利き手は字を書いたり、はしやはさみなどの道具を使ったり、ボールを投げたりするときの手です。多くの人は右利きですが、左利き、両手利き、左利きを矯正して右利きにした人などがいます。
脳卒中で右利きの人の右手がまひしたとき、右手の機能回復訓練をします。しかし、文字を書いたり、はさみを使ったりする細かい筋力まで回復するのは困難な場合があります。そういうとき、いつまでも右手にこだわっていても仕方ありません。そこで、左手を右手と同じくらい上手に使えるように訓練の目標を変えることを「利き手交換」といいます。
訓練は、右利きの人なら、まず左手で色鉛筆を持って色を塗ったり、線を引いたり、あるいはスプーンを使い皿に入れた豆をすくう訓練をします。さらに左手ではしを使ったり、字を書く訓練へと進めていきます。だんだん小さな文字や細かい動きへと難しくしていきます。
Aさんは65歳男性で、脳卒中で右片まひが生じました。幸い、右まひの人に多い失語症という言語障害はなく、文字を読むことも話をすることも問題ありません。歩行訓練などと並行して右手の訓練を行いましたが、右まひは重度で右手はなかなか自由に動くようにはなりませんでした。そこで、本人にも右手の完全な回復は難しいことをよく説明し、左手への利き手交換の訓練を納得してもらいました。Aさんは習字の先生で利き手交換は鉛筆だけでなく、毛筆を使っての訓練も必要でした。初めは思うように力が入らず、読みにくい字で本人も焦っていました。しかし、根気強く1日3、4時間も練習し続けました。今では左手でも右手で書いたのと同じくらいの字になりました。
58歳女性のBさんは脳出血で右まひとなり、趣味のお茶をたてられないのを残念がっていましたが、左手でできるよう訓練しました。右手で茶わんを支えることができないので、ご主人が手伝います。上手にできず、こぼしてしまうこともありましたが、今では力の入れ具合も分かるようになりました。右足にもまひがあるので正座はできませんが、いすに座ってお茶を楽しんでいます。
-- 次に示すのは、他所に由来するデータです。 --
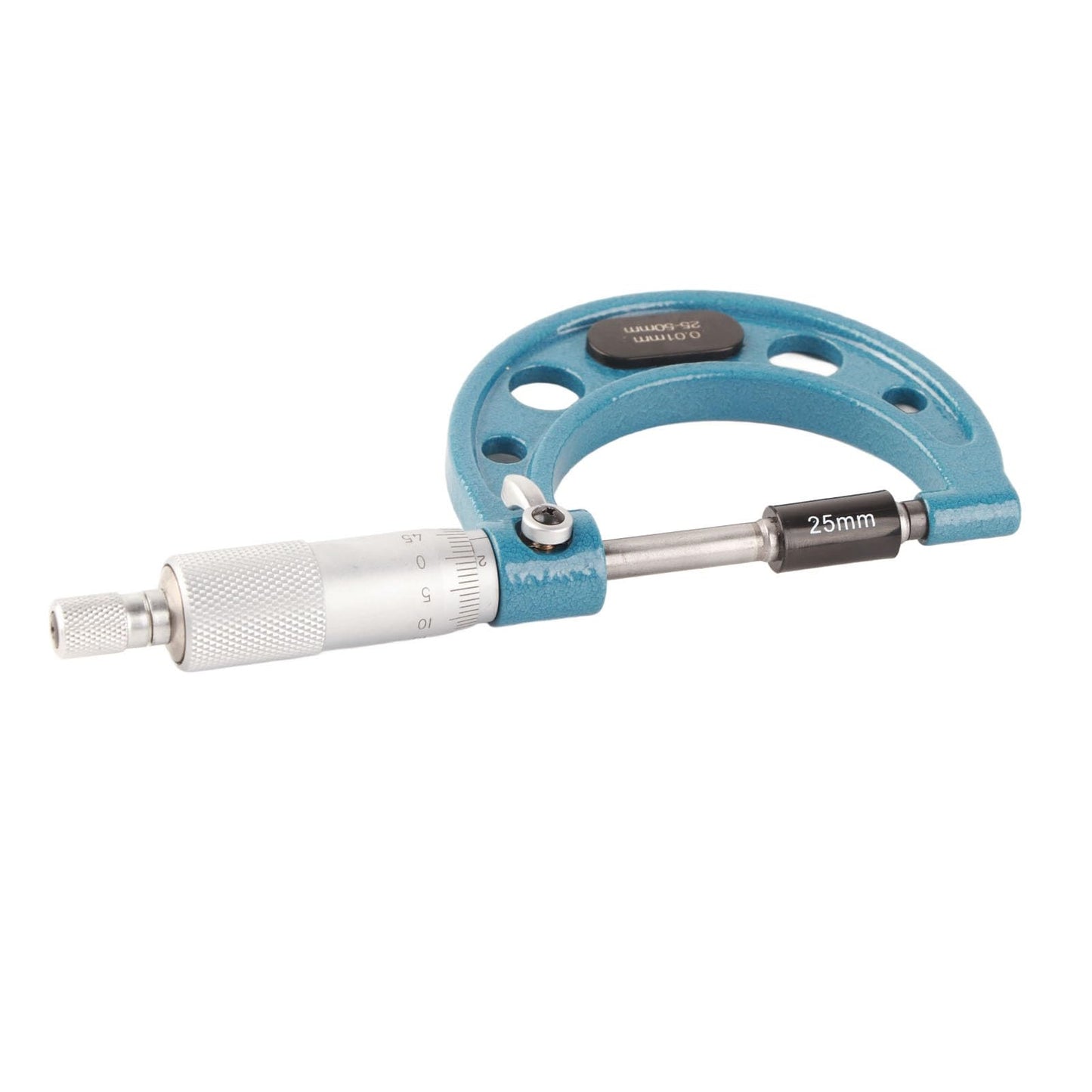 Micrómetro Exterior Precisión 0,01 Mm Acero Inoxidable para Equipos de Maquinaria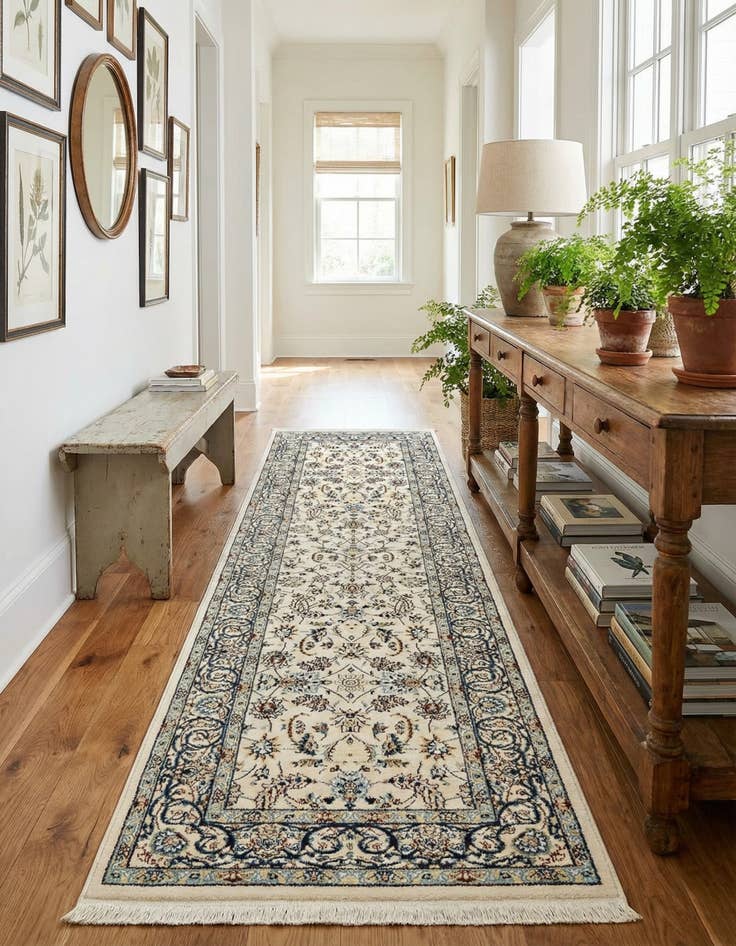 Detail image of 2' 7 x 10' Nain Design Runner Rug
子どものころに左利きを矯正させられた経験のある人もいると思います。利き手は右、あるいは左と決まっているように思えますが、大人になってから利き手の機能を失った場合でも、反対の手を訓練すれば利き手になりうるのです。訓練によって、手を動かす脳の神経の働きがよくなるためです。人間の脳は訓練で発達するいろいろな可能性を持っています。